Ponctions sur les salaires des enseignants au Sénégal : les syndicats saisissent le Bureau international du travail
SENTV : La tension persiste dans le secteur de l’éducation au Sénégal. Les principales organisations syndicales d’enseignants ont annoncé, vendredi 13 mars, leur décision de porter plainte contre l’État sénégalais auprès du Bureau international du travail (BIT), dénonçant des retenues salariales qu’elles jugent illégales après plusieurs mouvements de grève.
Réunis au sein du G7, un cadre qui regroupe les principales plateformes syndicales de l’enseignement, les responsables syndicaux accusent le gouvernement d’avoir procédé à des ponctions « illégales, disproportionnées et arbitraires » sur les salaires d’enseignants ayant participé aux arrêts de travail observés fin février.
Lors d’une conférence de presse tenue à Dakar, le porte-parole des grévistes, Amédou Diédiou, a déclaré que les syndicats considèrent ces mesures comme une atteinte aux droits des travailleurs. Selon lui, la plainte envisagée vise à dénoncer « une violation flagrante de la Convention 95 de l’Organisation internationale du travail relative à la protection des salaires ».
Pour les organisations syndicales, ces retenues traduisent également une dégradation du climat social dans le secteur éducatif. « Le dialogue semble aujourd’hui être délaissé au profit de la confrontation », ont-ils regretté, tout en annonçant la poursuite de leur sixième plan d’action.
Ce mouvement de protestation se traduit notamment par le boycott des évaluations pédagogiques et par une grève totale observée ce vendredi 13 mars dans plusieurs établissements scolaires du pays.
Les syndicats appellent par ailleurs le gouvernement à reprendre les discussions afin de trouver une issue durable à la crise.
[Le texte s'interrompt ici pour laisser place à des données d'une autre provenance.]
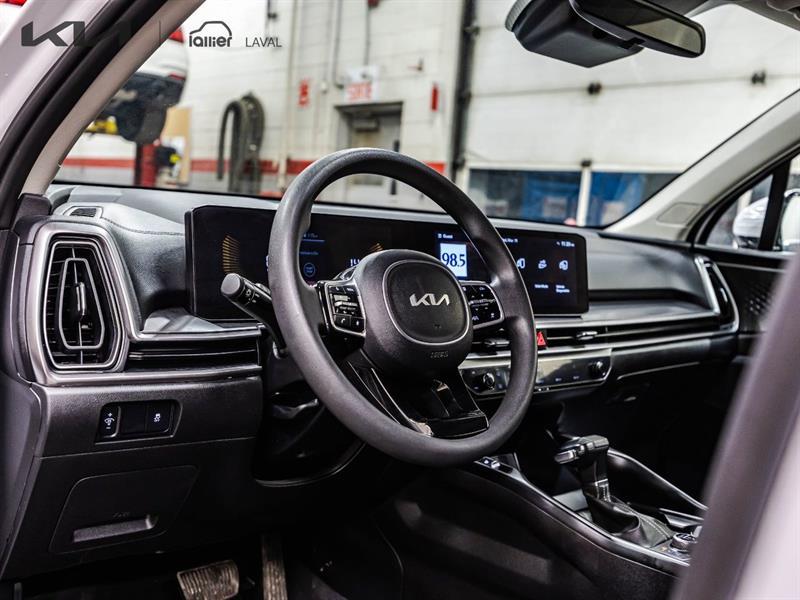 2024 Kia Sorento - Image 16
Parmi leurs principales revendications figurent la finalisation des travaux du comité technique bipartite chargé d’examiner les points de désaccord, l’implication des plus hautes autorités de l’État dans les négociations et la tenue d’une réunion de suivi conformément aux dispositions de l’article 6 du protocole d’accord signé le 30 avril 2018 entre le gouvernement et les syndicats.
De son côté, le ministre de la Fonction publique, Olivier Boucal, a défendu la position de l’exécutif. Il rappelle que si le droit de grève est garanti aux travailleurs, l’arrêt de travail entraîne également la suspension de la rémunération correspondante. Le gouvernement, affirme-t-il, reste néanmoins ouvert à la concertation et appelle l’ensemble des acteurs à privilégier le dialogue afin d’aboutir à des compromis durables.
Alors que les tensions persistent, l’évolution des discussions entre les syndicats et les autorités sera déterminante pour l’avenir du système éducatif sénégalais, déjà confronté à plusieurs perturbations ces derniers mois.